FIFA WC 2022: Belgium's foreign minister wears 'One Love' armband while meeting FIFA prez during match against Canada
Belgium's foreign minister Hadja Lahbib sent out a defiant message to FIFA and World Cup hosts Qatar during her country's match against Canada on Thursday. Hadja was spotted wearing a colourful ‘One Love’ armband when she confronted the FIFA president Gianni Infantino ahead of the match at Al Rayyan Stadium.
The armband is a symbol for inclusion and diversity that world football’s governing body has prevented captains of seven European teams, including Belgium, from wearing at the tournament. They wanted to wear it as a rebuke to host nation Qatar's human rights record.

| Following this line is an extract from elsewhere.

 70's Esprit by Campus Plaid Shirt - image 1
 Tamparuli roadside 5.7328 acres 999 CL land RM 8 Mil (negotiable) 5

Lahbib posted a photo of herself on Twitter wearing the band on her left arm, writing: “My heart goes out to our Red Devils!” FIFA warned the seven European federations that players would be penalized if they wore the armband.
Germany's players covered their mouths for their team photo before their opening World Cup match, a 2-1 loss to Japan, to protest against FIFA's clampdown on the “One Love” armband.
“It was a sign from the team, from us," Germany coach Hansi Flick said, "that FIFA is muzzling us.” German Interior Minister Nancy Faeser, who is also responsible for sports, also wore a “One Love” armband in the stands for her country's match, sitting beside Infantino. Faeser posted a photo of herself wearing it with the hashtag #OneLove.
As far as match between Belgium and Canada is concerned, Thibaut Courtois saved an early penalty and Michy Batshuayi scored the only goal to give Belgium a 1-0 win over Canada on Thursday, spoiling the North American team's return to the tournament after 36 years.
The Canadians have yet to collect a point or even score a goal in four World Cup matches, which includes the three games from their debut in 1986.
Still, they outplayed second-ranked Belgium at times at Ahmad Bin Ali Stadium, with Alphonso Davies — the star of Canada's team — squandering the best chance when his penalty was blocked by Courtois.
With Eden Hazard ineffective and Kevin De Bruyne's passing unusually awry, Belgium often relied on the long ball from the back and that tactic led to the 44th-minute goal. Center back Toby Alderweireld split the defense with his pass and Batshuayi ran through to guide a left-footed finish into the far corner.
Batshuayi was only playing because first-choice striker Romelu Lukaku was injured and could potentially miss the entire group stage.
Canada had 21 shots compared to the nine of Belgium, whose well-established team filled with veterans was far from convincing.
There were six players in their 30s in the starting lineup, four of them having accrued more than 100 international appearances. Courtois and De Bruyne might reach three figures at this World Cup, in what looks like being a last hurrah for this group of players often described as a “golden generation.” The absence of Lukaku — a prolific scorer and big presence up front — is a huge blow to coach Roberto Martinez, with Batshuayi failing to impress aside from his well-taken goal.
Indeed, all the best moves came from a mobile and attacking Canada team in front of their loud, Maple Leaf-waving fans.
Davies stood out with his driving runs from left back while captain Atiba Hutchinson, at the age of 39, became the oldest outfield player to start a World Cup match.
They had 14 shots in the first half alone, the most by a team at the World Cup without scoring in 16 years.